§ **Input data**
● ● ●
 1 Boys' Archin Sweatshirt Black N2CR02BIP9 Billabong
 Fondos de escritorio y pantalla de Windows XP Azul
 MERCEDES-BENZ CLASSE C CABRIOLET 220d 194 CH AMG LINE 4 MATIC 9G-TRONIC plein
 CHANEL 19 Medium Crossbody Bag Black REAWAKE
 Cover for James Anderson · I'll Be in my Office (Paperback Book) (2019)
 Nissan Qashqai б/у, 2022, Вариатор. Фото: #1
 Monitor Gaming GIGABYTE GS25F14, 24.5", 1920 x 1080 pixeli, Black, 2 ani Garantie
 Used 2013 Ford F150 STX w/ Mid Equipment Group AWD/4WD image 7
● ● ●
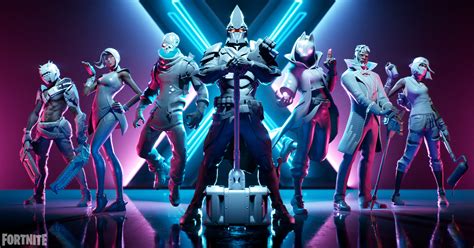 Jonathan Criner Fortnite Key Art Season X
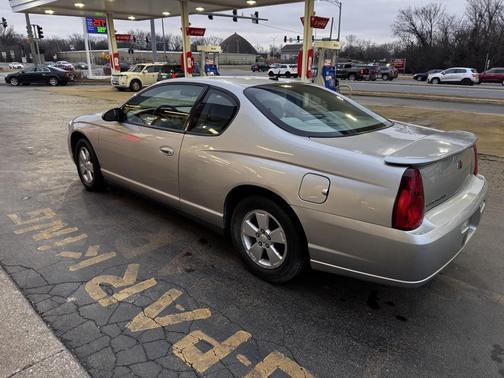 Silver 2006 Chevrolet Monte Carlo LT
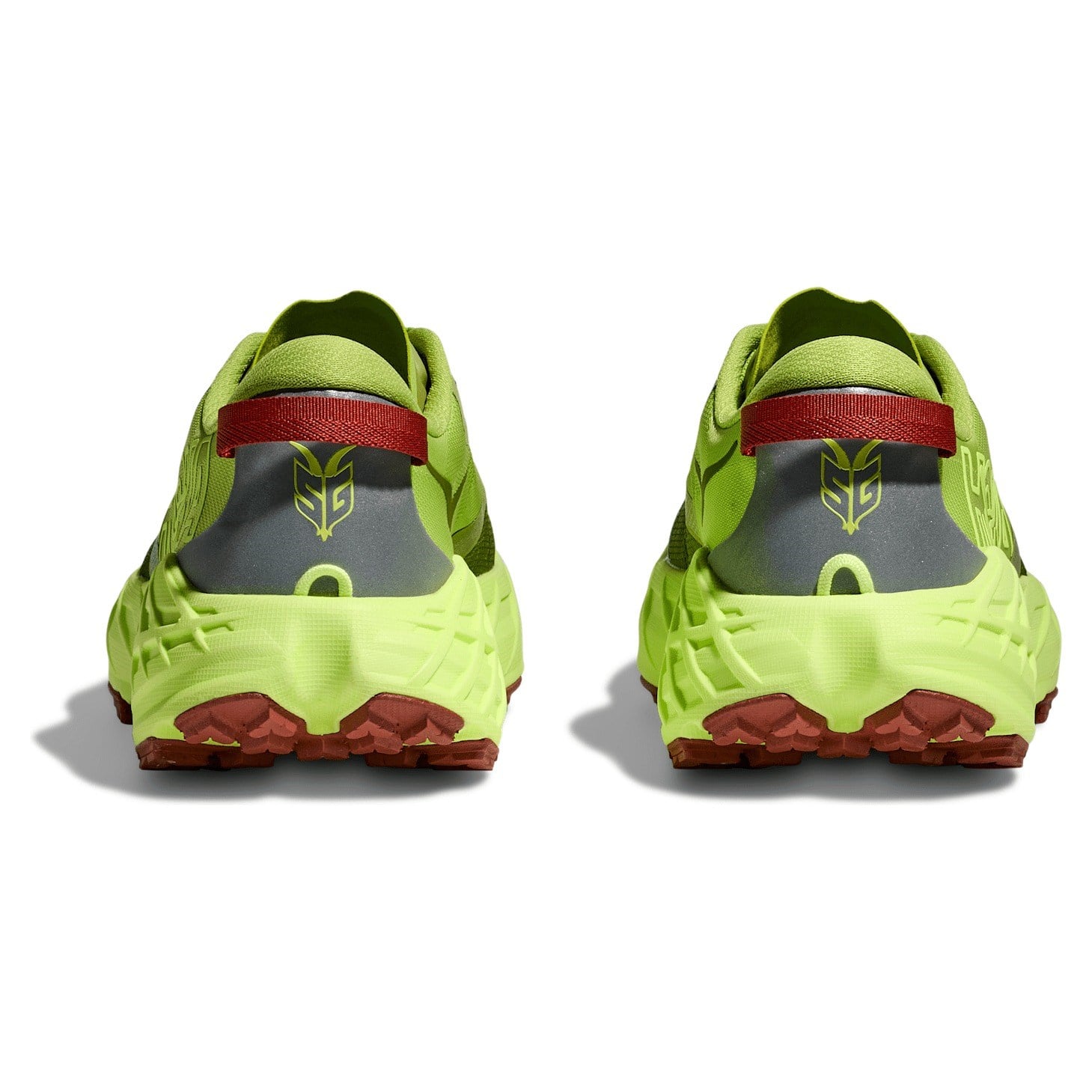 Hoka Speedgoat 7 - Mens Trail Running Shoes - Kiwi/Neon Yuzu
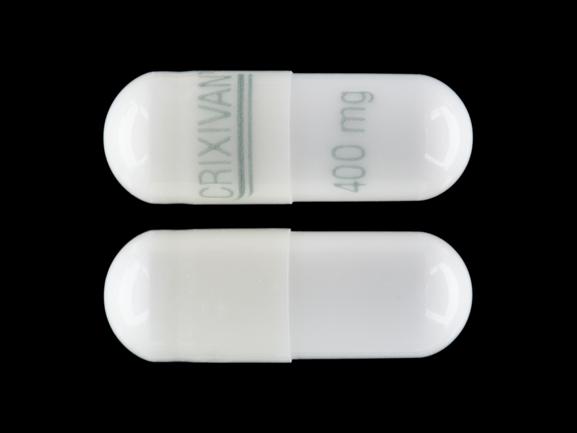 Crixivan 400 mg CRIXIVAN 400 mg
● ● ●
§ **Directions**
Word for word, restate the lines above from the line containing "Cover for James" through the line containing "Used 2013 Ford", with both included and nothing else.

§ **Exercise output**
 Cover for James Anderson · I'll Be in my Office (Paperback Book) (2019)
 Nissan Qashqai б/у, 2022, Вариатор. Фото: #1
 Monitor Gaming GIGABYTE GS25F14, 24.5", 1920 x 1080 pixeli, Black, 2 ani Garantie
 Used 2013 Ford F150 STX w/ Mid Equipment Group AWD/4WD image 7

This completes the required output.